There have basically been two kinds of live action adaptations of Disney animated films. There are those that are lavishly devoted to their animated source material, meticulously recreating scenes with actors and lots of CGI help. Then there have been those that take their inspiration from the structure of the source material but shift to a somewhat more serious tone. Director Niki Caro’s adaptation of the 1998 animated film Mulan falls into the latter category. Mulan has no inspirational songs belted while staring off into the horizon. There’s no wacky comedic sidekick. There is an earnest story about a young woman defying the cultural norms of her time to defend her land and her family’s honor. Mulan features some incredible production design and well-choreographed action scenes, but it lacks a resonant emotional core. Like many of the Disney live action adaptations of late, there’s no shortage of technical wizardry on display in service of a remake that never comes close to matching the original.

When invaders from the north led by the ruthless Bori Khan (Jason Scott Lee) and aided by the powerful witch Xianniang (Gong Li), the Emperor of China (Jet Li) sends forth a conscription order across the land demanding that each family send one man to fight the enemy forces. Hua Zhou (Tzi Ma) was an honored warrior, but age has ravaged his body and he wouldn’t survive another grueling battle. His daughter Mulan (Yifei Liu) runs away from her village, disguising herself as a man in order to take her father’s place in the ranks of the military.
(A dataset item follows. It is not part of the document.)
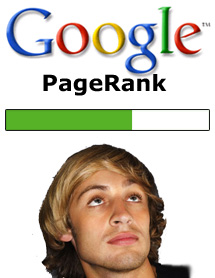 trying to increase pagerank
Under the tutelage of Commander Tung (Donnie Yen), Mulan undergoes an intensive training regimen and hones her physical skills in the art of war. Hiding her true gender becomes tricky for Mulan, such as her increasing odor as she avoids showering with her fellow soldiers for obvious reasons. She must also put up a hardened exterior that shuns any attempt at comradery by Honghui (Yosan An), a young soldier whom Mulan slowly has affections for. In the midst of battle, Mulan’s disguise is shed and she establishes herself as a warrior of unmatched skill and courage. As the invaders from the north make their way for the Emperor’s palace, Mulan’s fellow warriors must shed generations of unquestioned male rule as Mulan represents the last hope for China’s reigning empire.

Veteran director Niki Caro does an admirable job overseeing the action in her first career blockbuster. The battle scenes are massive and sweeping, and never does the action get obscured by overly shaking cameras and choppy editing. Sometimes the action sequences rely on a bit too much CGI to fill out the frame, but overall Caro makes the most with her vast set of resources. What’s most surprising about Mulan is just how little the film delivers on an emotional level. The big finish of the film leans on Mulan’s relationship to her father. This relationship never feels fully fleshed out as their bond is only tackled as the film’s bookends. The intent is to tug on the heartstrings and the actors are giving it their all. They’re just left hanging by the material.

Also holding back Mulan’s emotional content is the performance by Yifei Lin, which isn’t to say that she is bad in the movie. It’s just that role requires her to don a steely exterior for much of the film that holds back the character’s vulnerabilities. The lengthy training sequences doesn’t capitalize on the opportunity to have Mulan express her vulnerability, opting to make the sequence the extent of the film’s comedic efforts. It’s not that Mulan is a tonal mishmash. It’s problem is with consistency. The drama isn’t deeply moving. The comedy elicits a mere chuckle. The action is spectacularly crafted, but the emotional deficits ensure its nothing more than visually appealing spectacle.

Mulan also struggles to pull off its inspirational messaging. It’s not for a lack of trying, but the film fails to establish a strong level of conflict for its hero to overcome. The film breezily moves along from Mulan’s shocking reveal to her fellow warriors to a quick forgiveness because we need to get to that last big battle slathered in CGI. It’s another example of where Mulan often flirts with being something more before settling for being inoffensively okay.

Of all of Disney’s live action adaptations to date, Mulan is the first to earn a PG-13 rating. It should be said that Mulan earns its rating with some violent (but bloodless) action scenes featuring a sizable body count. With its more serious tone and lack of songs or much comedic relief, it’s obvious that this version of Mulan is not intended for younger audiences. Fear not, parents. Just because Mulan is a little more violent than expected, the violence is just like the film itself – pretty harmless. This adaptation doesn’t do much to build upon its animated predecessor nor does it stand out in any meaningful way. Mulan is a mixed bag that does some things incredibly well but most of the film occupies the middle of the road.

  • Overall Score


A more serious take on the story from the 1998 animated film, director Niki Caro’s Mulan boasts some impressive action sequences but the lack of an effective emotional core leaves spectacle the film’s most interesting facet.